Hidayatullah.com–Matahari beranjak pelan ke atas ubun-ubun ketika rombongan dari Wakaf Al Quran Suara Hidayatullah dan BMH Sidoarjo menyurusi sungai Pucuan dengan sebuah perahu kecil. Perjalanan dimulai saat hawa mulai terasa panas. Tak pelak, peserta rombongan yang terdiri dari sebelas orang yang akan membagikan al Quran wakaf itu pun bernaung di bawah terpal perahu ketek. Alhamdulillah, setidaknya bisa mengusir sedikit panas terik matahari.
Deru mesin ketek terdengar keras hampir memakkan telinga. Hal itu membuat suasana semakin komplit: panas dan berisik. Meski begitu, rombongan tampak menikmatinya.
“Sesekali kan refreshing naik ketek. Selama ini di darat, kena macet,” kata M Shobah, pengurus Wakal Al Quran Hidayatullah, Surabaya. Alam sepanjang sungai terbilang masih alami. Banyak pohon mangrove dan tumbuh-tumbuhan lainnya indah berjejer di sepanjang sungai.
Burung pencari ikan juga tampak berterbangan di pinggir sungai. Tidak hanya itu, di sepanjang pinggir sungai terlihat nelayan yang sedang mencari kepiting, belut. Selain itu banyak pula para pemancing mengambil posisi untuk mendapatkan ikan. Mereka menambatkan perahunya di pohon di pinggir sungai.

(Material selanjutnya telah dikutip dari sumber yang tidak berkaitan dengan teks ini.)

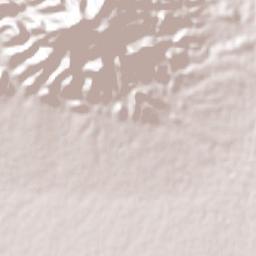 Castaños Terrain Map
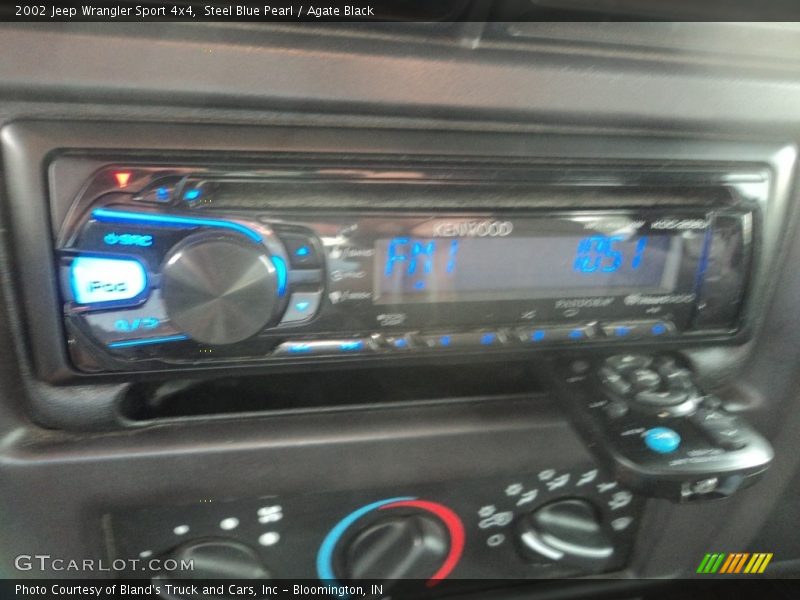 Steel Blue Pearl / Agate Black 2002 Jeep Wrangler Sport 4x4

Dusun Pucuan, desa Gebang, Kecamatan Sidoarjo, Jawa Timur ini terletak di daerah sekitar tambak dan sungai besar. Untuk mencapainya harus menggunakan ketek bermesin diesel dengan jarak tempuh satu setengah jam. Bila air surut, ketek tak bisa berjalan. Selain ketek, sebenarnya bisa menggunakan sepeda motor. Tapi, harus melalui jalan di sekitar tambak yang licin dan sempit. Karena itu, tak banyak warga yang berani. Sebab, sudah banyak yang pulang basah kuyup akibat tercebur.
Selain bertani, sungai Pucuan selama ini menjadi denyut nadi perekonomian warga. Buktinya saja, seperti jasa ketek. Ia mematok upah sewa ketek bolak-balik Rp 300 ribu. Cukup lumayan mahal.
Menyusuri sungai yang kecil memanjang dan dipenuhi pepohan mangrove bak menembus belantara hutan mini. Melihat ujung sungai, tampak seperti sudut lancit yang mengecil. Tak pelak, perjalanan air ini memberikan kesan tersendiri. Percik air yang terdengar dari kanan dan kiri ketek seolah memberikan musik yang indah. Kumpulan enceng gondok yang lalu-lalang tak pernah habis-habisnya.
Perjalanan pun sampai di sebuah dermaga kecil. Terbuat dari beberapa bilah bambu yang disusun jarang-jarang. Firman, seorang kenek ketek yang baru kelas 6 SD mengikatkan talinya. Satu persatu satu rombongan dipersilakan naik adalah Ibu Nizma Agustjik (49), wakif Al Quran dari Inggris tampak keropotan naik ke dermaga. Ia pun meminta seorang ibu untuk memegang tanganya.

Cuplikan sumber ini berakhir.